La vie de Jean-Luc Godard en près de 900 pages passionnantes, où l'on voit que c'est un homme très complexe. Il est à la fois capable de rompre avec ses amis, de détruire ses films (A bout de souffle est pour lui un film quasi fascisant), voire de provoquer volontairement un accident de tournage pour qu'il se sente bien (il va jusqu'à humilier Jane Fonda, Mireille Darc, Bruno Nuytten, voire ses producteurs, certains sont traités de "sales juifs"). On sent qu'il a vécu plusieurs périodes bien définies, que ce soit dans ses films (de A bout de souffle jusqu'à La chinoise, il aura réalisé 14 films en moins de 9 ans ) que dans sa vie personnelle (la perte de l'enfant que portait Karina va le "transformer", l'accident de moto subie aux USA dans les années 70 va encore le changer, il évolue de façon parfois opposée politiquement) jusqu'à finir quasiment tout seul aujourd'hui dans sa maison située en Suisse, tel un sage (ou un vieil aigri par moments), sortant de sa "tanière" pour accepter des commandes (à ce titre, le passage sur l'expo qui lui fut consacrée en 2006 est éloquent sur sa manière de vivre sur la destruction) ou rejeter le culte mondial dont il est l'objet.

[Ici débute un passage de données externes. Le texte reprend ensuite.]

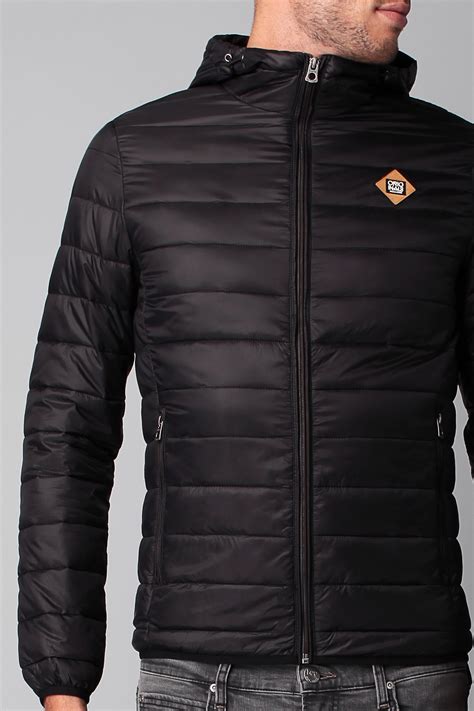 Jack & jones Quilted Jacket in Black for Men | Lyst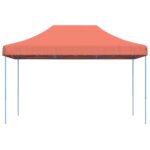 vidaXL Skladací pop-up párty stan tehlový 440x292x315 cm – Obrázok 3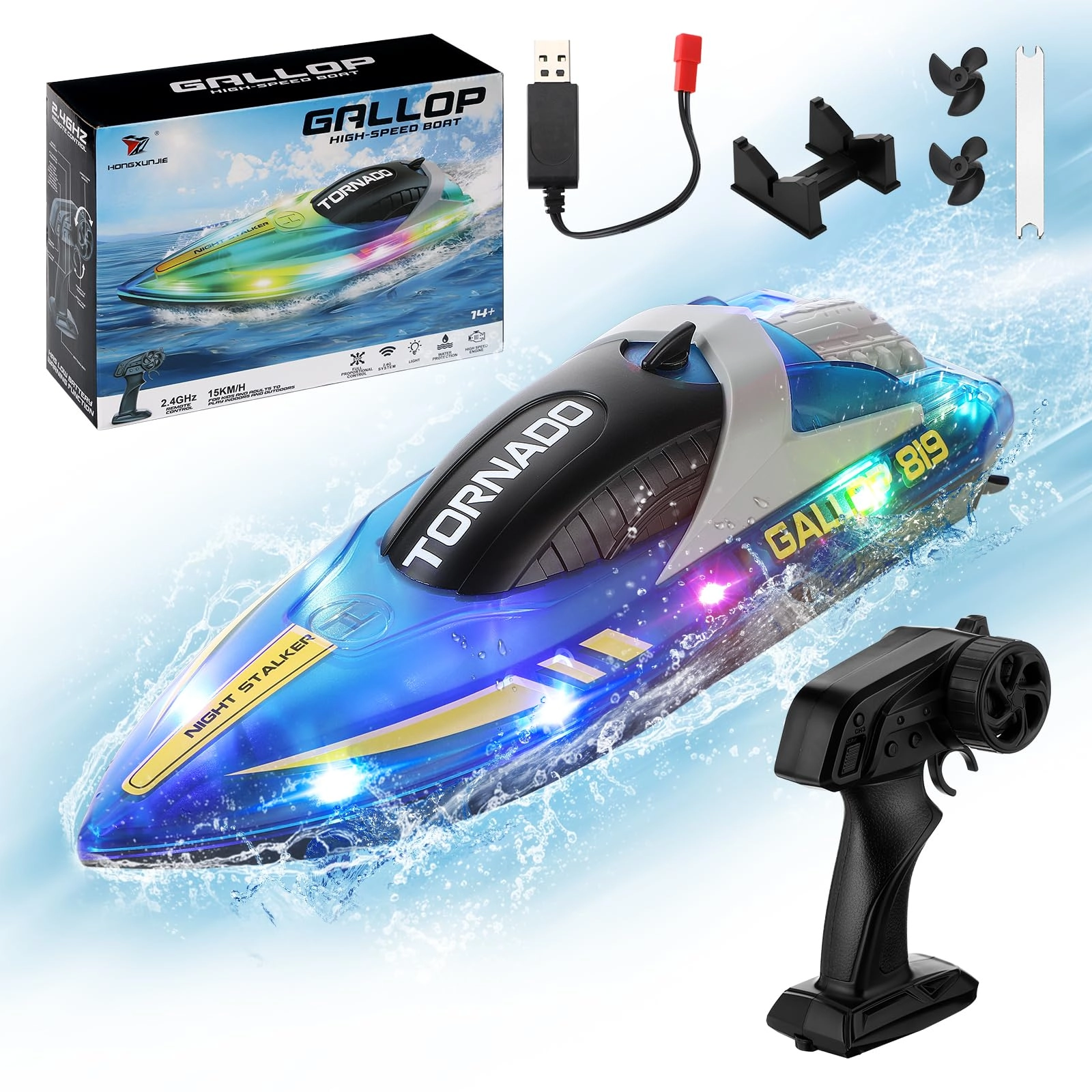 coikes RC Boat - 25cm 15km/h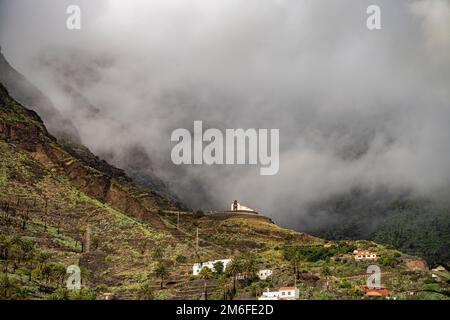 Die Kirche Iglesia de San Antonio de Padova im Valle Gran Rey, la Gomera, Kanarische Inseln, Spanien | la chiesa Iglesia de San Antonio de Padova, va Foto Stock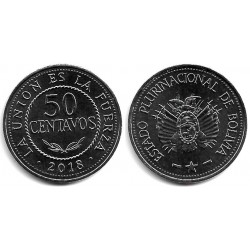 Bolivia. 2018. 50 Centavos (SC)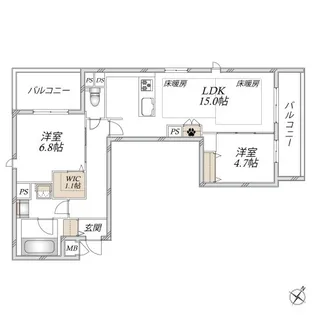 Victoire南流山【2階】の間取り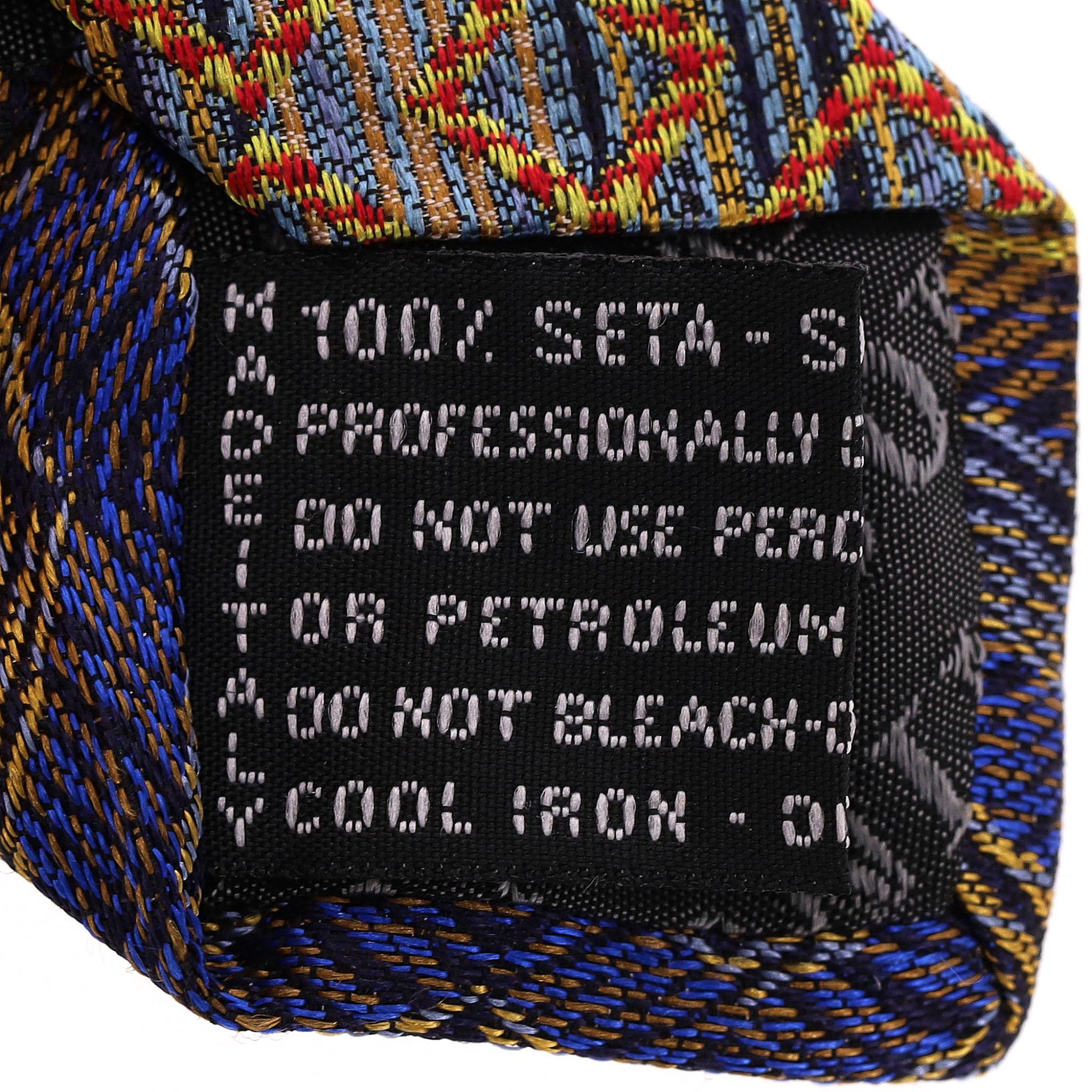 Missoni Geometrisches Muster Seidenkrawatte 2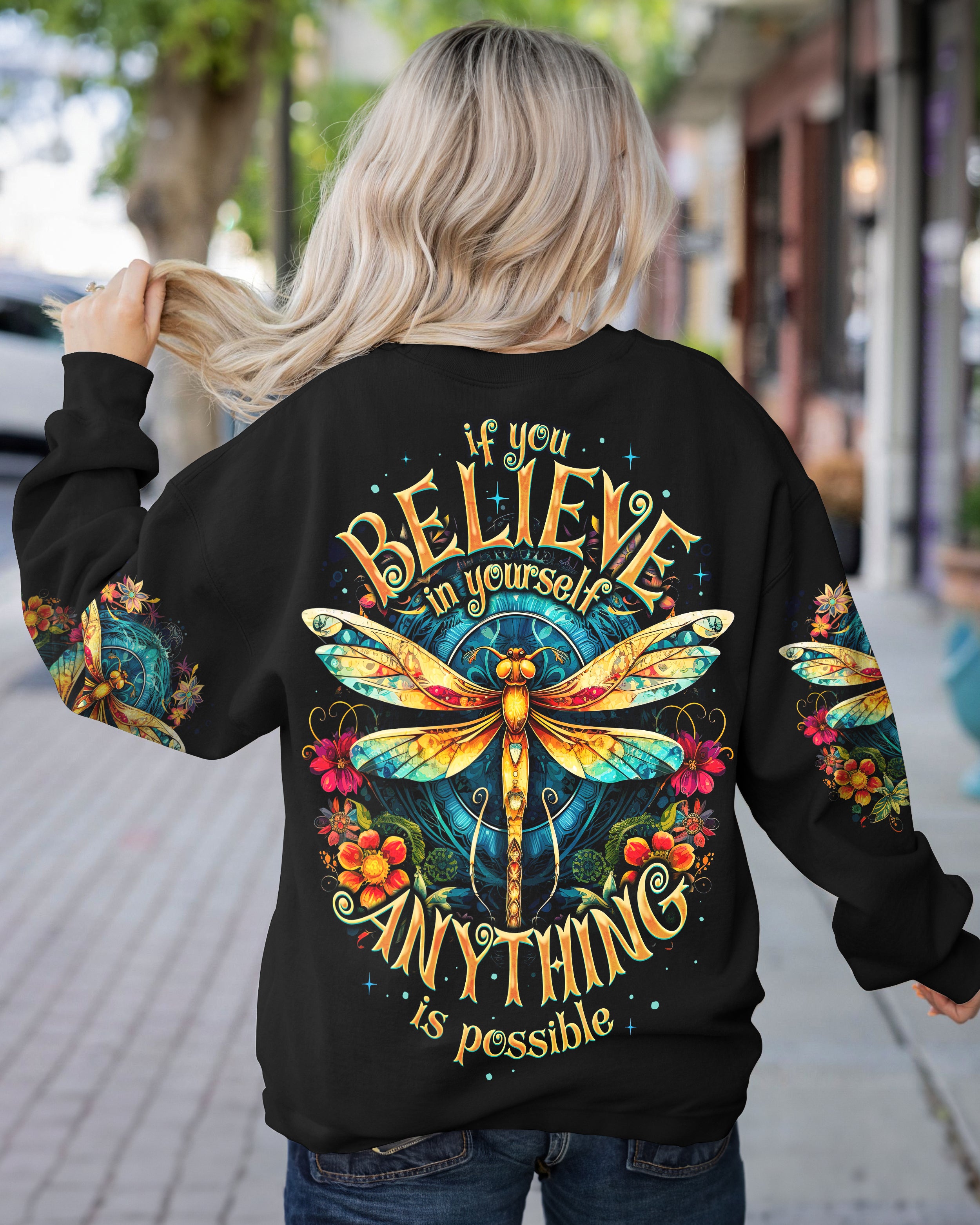 BELIEVE IN YOURSELF DRAGONFLY ALL OVER PRINT - TY2208231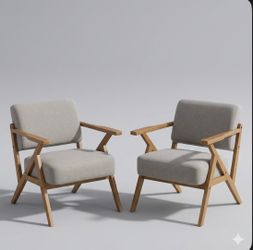 Pair of Mid-Century Modern Lounging Chairs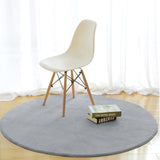 Solid Foam Chair Mat Area Rug Bedroom Round Carpet for Living Room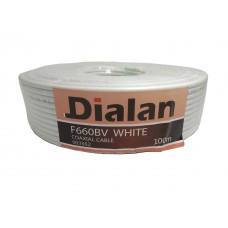  Кабель телевиз. Наружный белый   F660 (60жил) 100м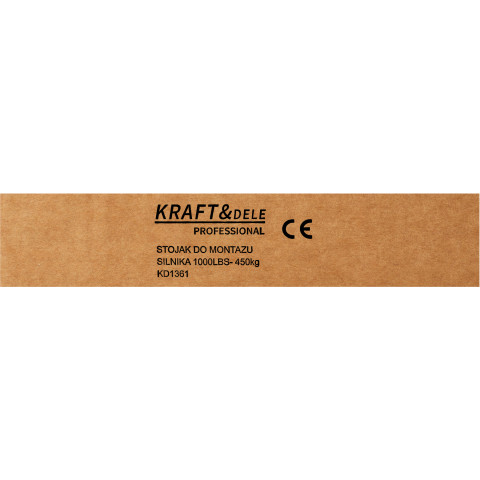 Стійка для двигуна та коробки передач KRAFT&DELE 450 кг (KD1361)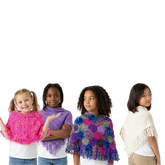 Girls Ponchos Assorted Styles, Colors & Sizes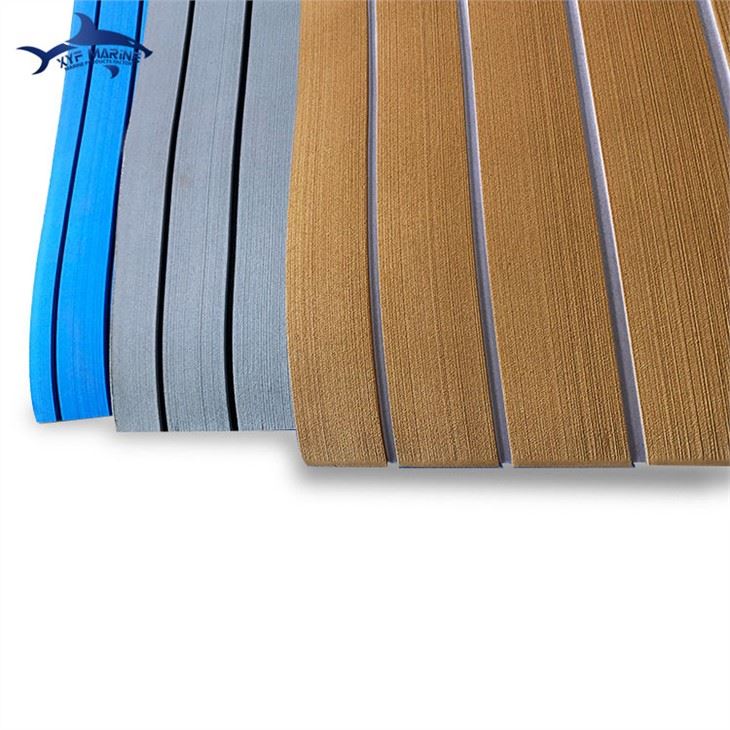 eva faux teak decking more color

Sur le côté cinéma, c'est très intéressant, les anecdotes pleuvent à tout va (A bout de souffle est considéré comme un film de 2h10 resserré en 1h30, Godard ayant fait 75 coupes dans le film, et retirant seulement 2 plans), en particulier sur ceux des années 60. Dommage que sa cinéphilie soit assez peu évoquée (y compris durant le passage consacré à sa présence aux Cahiers du Cinéma), on sait qu'un de ses derniers coups de cœur fut Brown Bunny de Vincent Gallo.
C'est pas loin de se lire comme un polar, car la vie de Godard n'est pas banale et est vraiment passionnante sur un des réalisateurs français les plus connus (et un de ceux qui aura une vraie présence en tant que "penseur" dans les années, à en juger son influence sur les évènements de Mai 68), quoique l'on puisse penser de son ciné, et de l'homme (qu'on peut trouver détestable, ce qui n'est pas mon cas).